Exceeding this limit will usually cause your processor to stop running with an error message like "Time series exceeds limit" or similar.

High cardinality also negatively impacts:

Performance: Querying metrics with millions of series becomes slow.
Cost: Storing a vast number of individual time series can be expensive.
Usability: Dashboards become cluttered and difficult to interpret.

Examples of High Cardinality Labels (To Avoid in Metrics)

Wallet Addresses: ({ user_address: '0x123...' })
Transaction Hashes: ({ tx_hash: '0xabc...' })
Token IDs (for large NFT collections): ({ token_id: '1234567' })
Raw Numerical Amounts (if highly variable): ({ amount: '123.456789' })
Arbitrary Pool Addresses (if not whitelisted/categorized): ({ pool_address: '0xdef...' })
Timestamps or Block Numbers as Labels
Any identifier with thousands or millions of potential unique values.

What to Do Instead?

If you need to record data associated with high-cardinality identifiers, use:

Event Logs: Add the high-cardinality identifier as an attribute within the log.

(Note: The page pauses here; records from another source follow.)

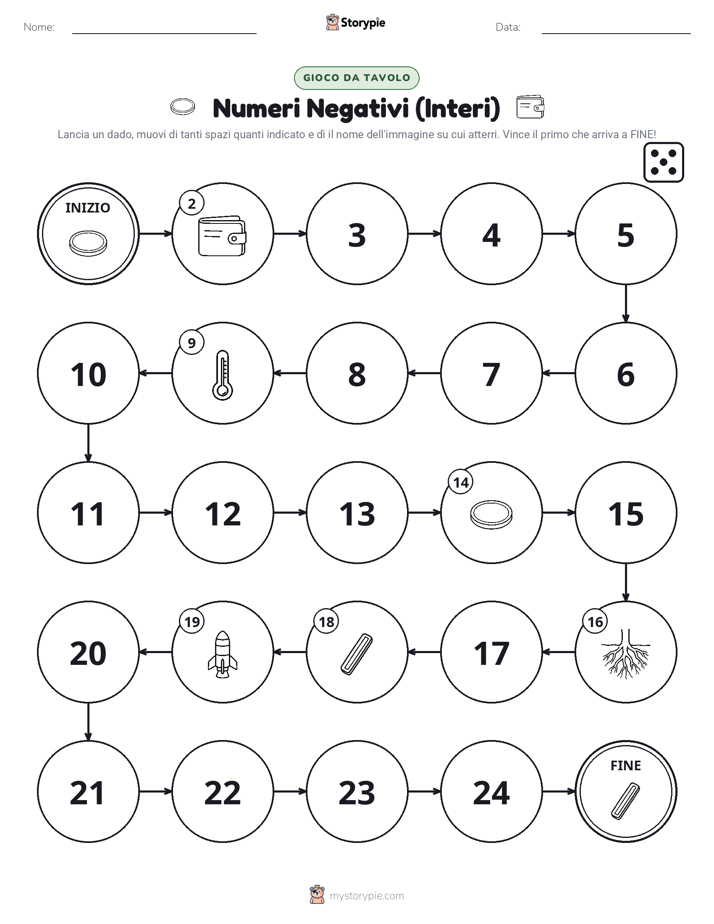 Gioco di Ruolo & Movimento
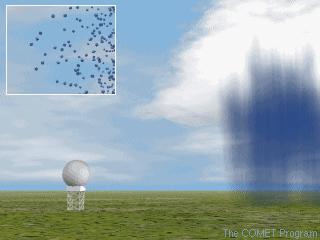 Meteorolojik Radarlar Aktif bir uzaktan algılama sistemi Geniş bir tarama alanı (~300 km yarıçap)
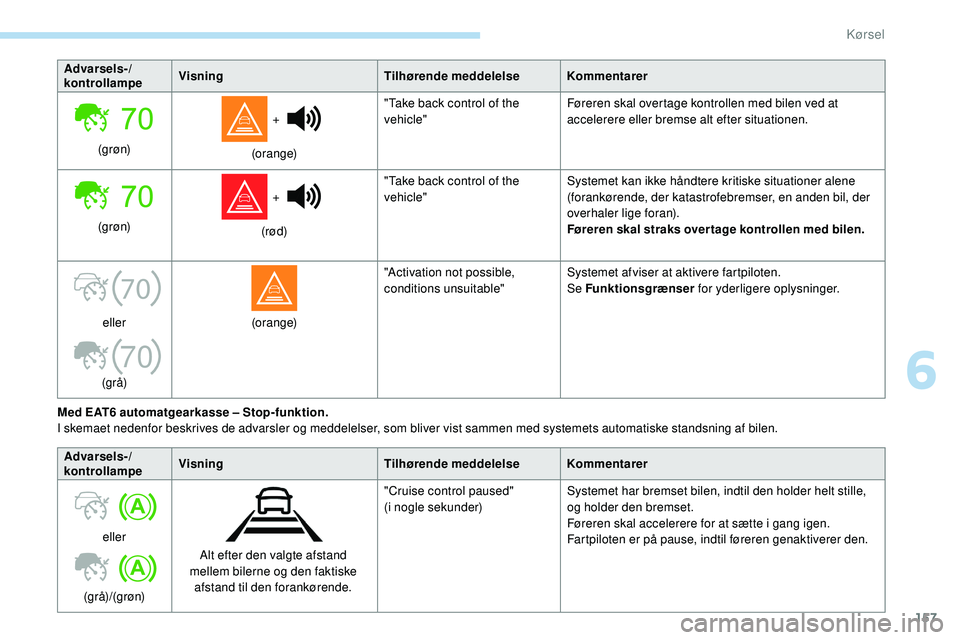Peugeot 508 2019 Instruktionsbog (in Danish) 157
70
70
Advarsels-/
kontrollampeVisning
Tilhørende meddelelse Kommentarer
(g røn) +
(orange) "Take back control of the
vehicle"
Føreren skal overtage kontrollen med bilen ved at
accel Peugeot 508 2019 Instruktionsbog (in Danish) 157
70
70
Advarsels-/
kontrollampeVisning
Tilhørende meddelelse Kommentarer
(g røn) +
(orange) "Take back control of the
vehicle"
Føreren skal overtage kontrollen med bilen ved at
accel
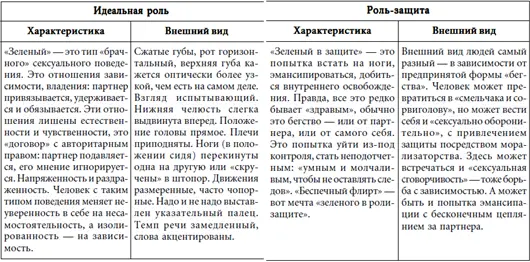 СИНИЙ ТИП СЕКСУАЛЬНОГО ПОВЕДЕНИЯ ЖЕЛТЫЙ ТИП СЕКСУАЛЬНОГО ПОВЕДЕНИЯ - фото 95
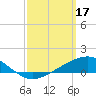 Blackwater River tide chart for Friday, March 17, 2023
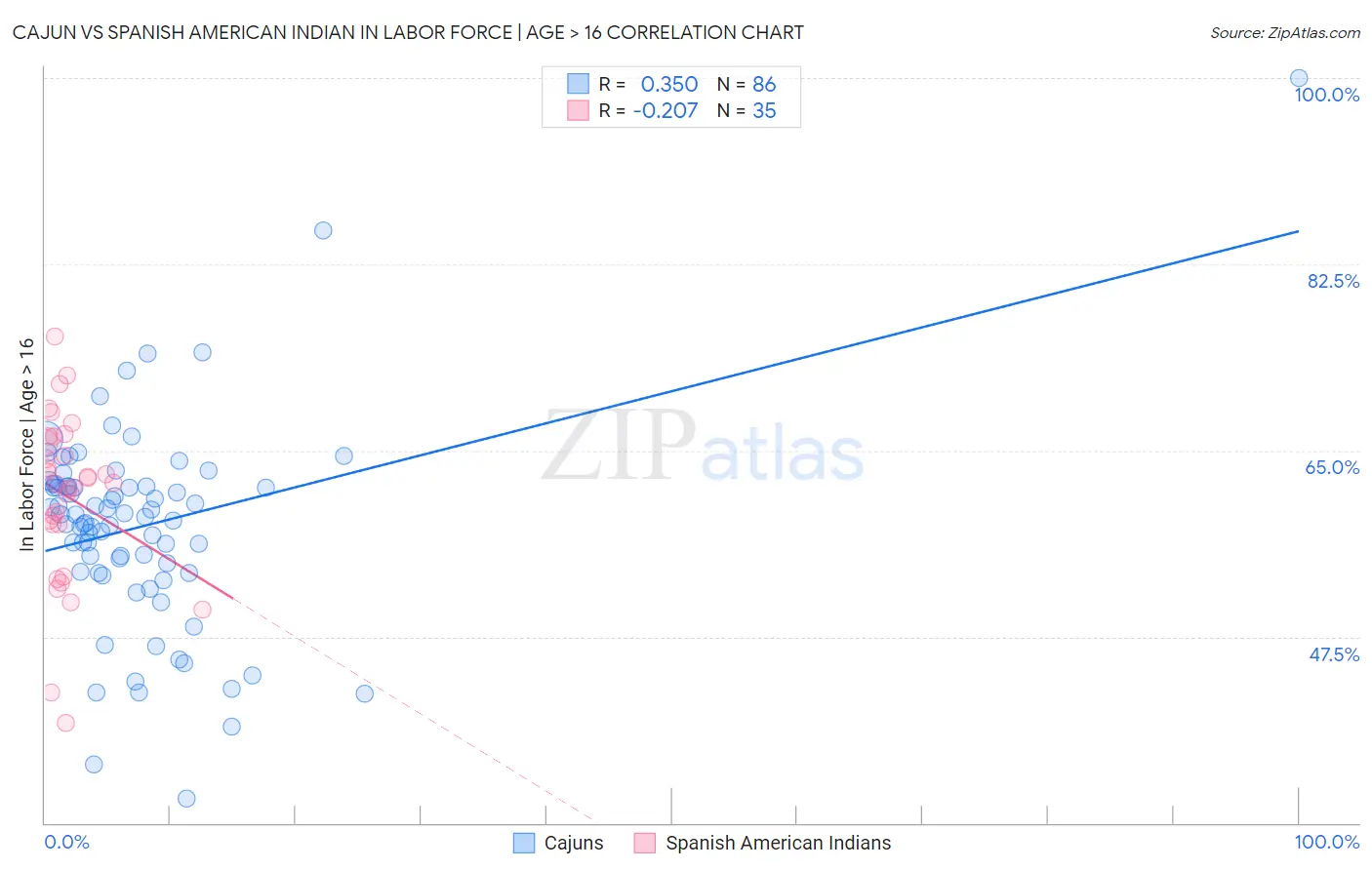 Cajun vs Spanish American Indian In Labor Force | Age > 16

// Instead of: ctx.meter.Counter('user_tx_count').add(1, { user: tx.from })
// Use:
ctx.eventLogger.emit('UserTransaction', {
  distinctId: tx.from, // Good for user analytics
  user_address: tx.from, // Add as attribute
  value: tx.value.toString()
});

Entities: Define an entity where the high-cardinality identifier is the id or a field. This allows structured storage and querying via GraphQL/SQL.

// schema.graphql
type UserInteraction @entity {
  id: ID! # Transaction hash
  user: String! @index
  timestamp: BigInt!
  action: String!
}

// processor.ts
// Instead of: ctx.meter.Counter('actions').add(1, { txHash: tx.hash })
// Use:
const interaction = new UserInteraction({
  id: tx.hash,
  user: tx.from,
  timestamp: BigInt(ctx.timestamp.getTime()),
  action: 'swap'
});
await ctx.store.upsert(interaction);

By choosing the right data output type, you can ensure your processors run efficiently and reliably.